Aktivitas Yesus mulanya adalah mengkritik agama Yahudi yang telah terjebak pada ritual rutinitas dan mekanistik. Para imam telah melepas fungsi sosialnya dan bersekutu dengan pemerintahan kolonial (Romawi) dan raja bonekanya. Bait suci telah menjadi pusat aktivitas perdagangan sehingga Yesus mengingatkan bahwa ada tertulis rumah-Ku adalah rumah doa tetapi kamu jadikan sarang penyamun. Manusia telah menuhankan dirinya dengan menghakimi bahwa sesamanya lebih berdosa daripada dirinya sendiri. Mengapakah engkau melihat selumbar di mata saudaramu sedangkan balok di dalam matamu tidak engkau ketahui? Gerakan yesus di satu sisi membawa kedamaian tetapi di satu sisi membawa ancaman. Dia sendiri pernah mengatakan “jangan kamu menyangka, bahwa aku datang untuk membawa damai di atas bumi; aku datang bukan untuk membawa damai, melainkan pedang…”
Para imam ketika merasa terancam maka mereka mulai merancangkan sebuah konspirasi pembunuhan untuk Yesus. Mereka merangkai isu bahwa gerakan Yesus adalah sesat karena sering mengkritik dan menghujat agama Yahudi (padahal yang dikritik adalah manusianya), subversif terhadap Imperium Romawi, dan ingin membangun kerajaan sendiri menggantikan Herodes. Mereka juga mulai mengadu domba masyarakat dengan menyatakan bahwa Yesus adalah penyesat/penyihir (witch) dan mencari murid Yesus yang bisa disuap. Akhirnya dengan tiga puluh keping perak konspirasi pembunuhan Yesus pun dimulai.
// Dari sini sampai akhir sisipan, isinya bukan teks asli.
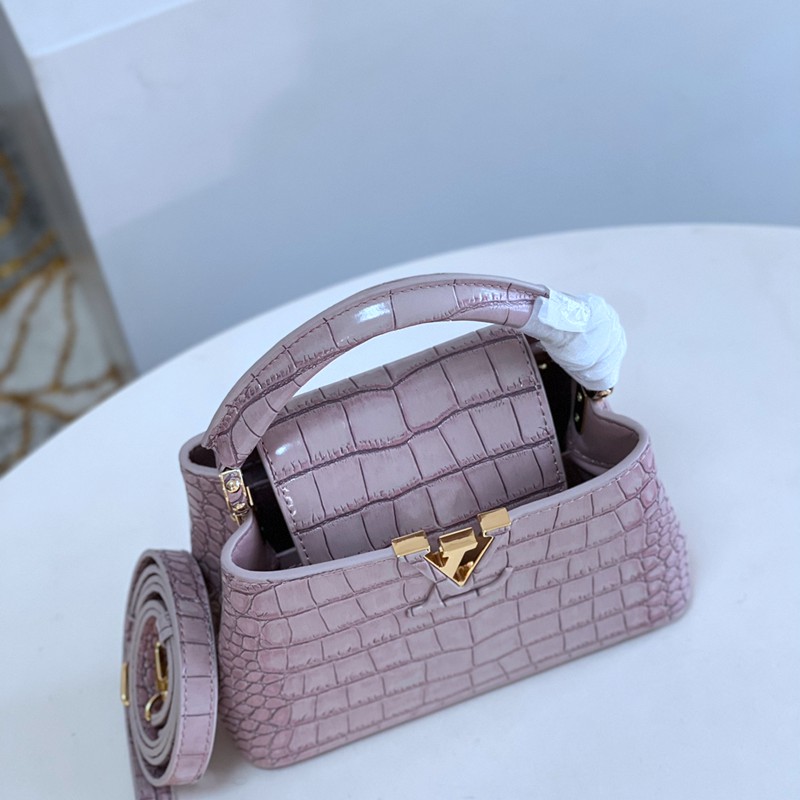 FASH LOUIS VUITTON Bag 2210YA0132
Walaupun Yudas dan para imam tahu dan menyadari bahwa apa yang dilakukan oleh Yesus adalah benar tetapi meraka tetap bersikeras untuk menjebaknya. Semata-mata hanya untuk mendapatkan keuntungan (tiga puluh keping perak) dan prestise sebagai orang suci utusan tuhan. Pilatus pun mencuci tangannya dan berpura-pura tidak tahu sedangkan para prajurit berdalih hanya menjalankan perintah. Setelah kematian Yesus dan terjadi keajaiban maka mereka pun menyadari bahwa apa yang mereka lakukan itu adalah kesalahan. Seperti apa yang dikatakan oleh prajurit romawi ketika berada di bawah salib bahwa Yesus adalah orang benar. Dan juga ketika tabir bait suci terbelah dua maka para imam meratapi apa yang telah mereka lakukan.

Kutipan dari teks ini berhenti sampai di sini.